The Hall of Fame acknowledges and thanks Stephen Wright of British Columbia for the following biography of Canon Roy – which most recently appeared in BCCF E-MAIL BULLETIN #393 (To subscribe, send me an e-mail (swright2@telus.net)

 

 

HENRY LE GALLOIS ROY (7 May 1875 – 20 September 1953)

This week marks one hundred and forty-five years since the birth of “The Old Lion” Canon Henry L. Roy, cleric, chess organizer, and President Emeritus of the C.F.C. He is largely forgotten now, but when Yanofsky wrote his 100 Years of Chess in Canada in 1967 he regarded Roy as one of the four most important organizers of the previous thirty years (the others being Bernard Freedman, Dan MacAdam, and John Prentice).

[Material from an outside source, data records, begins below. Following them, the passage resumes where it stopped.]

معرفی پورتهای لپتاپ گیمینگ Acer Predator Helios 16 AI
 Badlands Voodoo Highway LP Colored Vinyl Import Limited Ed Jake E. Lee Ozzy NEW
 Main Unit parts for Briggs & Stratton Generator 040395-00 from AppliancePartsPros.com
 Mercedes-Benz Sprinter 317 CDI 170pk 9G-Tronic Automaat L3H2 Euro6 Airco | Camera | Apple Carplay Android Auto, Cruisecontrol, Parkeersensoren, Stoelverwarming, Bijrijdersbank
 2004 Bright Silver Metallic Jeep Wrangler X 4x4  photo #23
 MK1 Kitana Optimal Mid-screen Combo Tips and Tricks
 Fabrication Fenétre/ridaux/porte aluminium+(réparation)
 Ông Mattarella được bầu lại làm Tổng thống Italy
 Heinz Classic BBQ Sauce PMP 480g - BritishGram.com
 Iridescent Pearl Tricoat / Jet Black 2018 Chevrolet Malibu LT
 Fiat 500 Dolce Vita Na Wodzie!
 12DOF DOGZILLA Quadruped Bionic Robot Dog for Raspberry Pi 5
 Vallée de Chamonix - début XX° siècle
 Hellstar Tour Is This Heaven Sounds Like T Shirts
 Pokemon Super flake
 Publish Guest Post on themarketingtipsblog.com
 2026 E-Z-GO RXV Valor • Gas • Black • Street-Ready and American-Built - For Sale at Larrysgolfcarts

Roy’s father was the Reverend Josiah Jesse Roy, later minister of St. George’s Church, Winnipeg, a descendent of the Abraham Martin upon whose land the Battle of the Plains of Abraham took place. Henry Roy graduated from the University of Manitoba with a silver medal in 1894, then studied at Wycliffe College in Toronto for five years. He was Assistant Rector at Christ Church Cathedral, Vancouver (1901-1905) and Rural Dean of Turtle Mountain (Manitoba, 1908-1913) before serving as Assistant General Missioner for the Diocese of Rupert’s Land. In 1928 Roy was named an Honorary Canon at the Pro-Cathedral of St. Matthew in Brandon, Manitoba. According

to Yanofsky, Roy did not get involved in chess organization until 1936, when he was already sixtyone years old. Describing himself as a “run of the mine” player, Roy noted: “By learning chess, you have a spare-time filler until you’re ready for the grave. You might be an athlete, but you’re a has been at thirty – in chess there is no limit.” Early in 1947 Roy moved to Vancouver where he became involved with the B.C.C.F.; he passed away after returning from his last Annual Meeting in Winnipeg 1953, having just completed his final term as C.F.C. president.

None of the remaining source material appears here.